Denuncia

Obispo Goic ahora vuelve la espalda al grupo de sacerdotes abusadores llamados “La Familia”

El obispo de Rancagua, Alejandro Goic, reconoció haber actuado “sin la agilidad necesaria” ante las denuncias por situaciones de abusos que se registraron en su diócesis por años, y que le fueron comunicadas al menos 4 veces antes de la venida del Papa a Chile. Ayer tras su regreso a Roma, y luego de un reportaje televisivo con la denunciante e incluso confesión de algunos sacerdotes involucrados, siguió desligándose de su responsabilidad en haber investigado el caso antes.

Recién hoy, ante la fuerza de las evidencias, Goic emitió un comunicado indicando que “quiero pedir perdón por mi actuar en este caso. Reconozco que le di acogida a esta joven que aparece en el reportaje y que actué, eventualmente, sin la agilidad adecuada en el proceso indagatorio del sacerdote Luis Rubio y otros presbíteros mencionados por ella“.
Goic había señalado “no ser detective” para investigar este tipo de situaciones, cuando fue abordado por Canal 13 el viernes para preguntarle por el caso, tras su regreso de Roma.
Ahora, ante la evidencia, el Obispo de Rancagua dio un giro de 180 grados y declaró: “Hemos hecho una denuncia a la fiscalía de Rancagua, con los antecedentes que ha proporcionado Canal 13, sobre Luis Rubio Contreras. En el aspecto canónico se mandarán todos los antecedentes de los que disponemos a la Santa Sede durante esta semana”, añadió Goic en el comunicado.

La Familia

La “cofradía” de sacerdotes de la Diócesis de Rancagua que se hacía llamar “la familia”  habría incurrido en conductas sexuales impropias y eventuales abusos, según la denuncia de Elisa Fernández ex coordinadora de Pastoral Juvenil de Rancagua, en un reportaje que dio a conocer Canal 13.

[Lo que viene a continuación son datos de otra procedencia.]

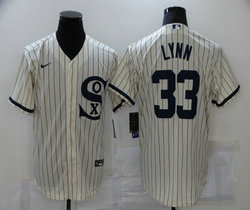 Nike Chicago White Sox #33 James McCann 2021 Field of Dreams With Name Game Authentic Stitched MLB Jersey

Elisa Fernández, quien participó por cerca de 14 años en la Iglesia Católica, aseguró que un grupo de párrocos realizaba prácticas inadecuadas, como bromas de carácter sexual y comentarios sobre preferencias por menores de edad.

“No sé si llamarlo cofradía, secta o grupo de sacerdotes que tienen prácticas que no se conllevan con su condición de curas y con respecto a jóvenes”, dijo la denunciante, que asegura acudió cuatro veces en un lapso de un año y medio donde el Obispo de Rancagua, Alejandro Goic, pero éste le pidió pruebas y no hizo nada. Luego envió una carta a la Conferencia Episcopal, antes de la visita del Papa Francisco y se le contestó que el Consejo de Prevención de Abusos podía escucharla, pero que no recibía denuncias formales. Vino el Papa, insistió de nuevo y no fue atendida su denuncia.

En septiembre de 2017, Fernández creó una cuenta en Facebook, y se hizo pasar por un menor de 16 años. Se contactó con Luis Rubio Contreras (54), de la comuna de Paredones, uno de los integrantes de “La familia”.

El sacerdote le envió fotos desnudo por el chat de la red social, que se mostraron en el reportaje realizado por Canal 13, que entrevistó a Rubio quien reconoció el envío de fotos y la solicitud de actos sexuales a este supuesto menor. “Sí, es cierto, pero yo también corté todo eso… Fue un error mío, yo lo reconozco”, dijo.

Mediante un comunicado, la Diócesis de Rancagua informó que tomó conocimiento de que el presbítero Luis Rubio Contreras “ha incurrido en conductas impropias a su estado sacerdotal”. En cuatro puntos, sostienen que se “recibió en reserva antecedentes de estas conductas impropias, indagándose los hechos sin resultados”.

Tras el reconocimiento de Rubio, éste fue suspendido “temporalmente del ejercicio de su ministerio, como medida cautelar, mientras se indaguen y entreguen a la Santa Sede los antecedentes de la causa”.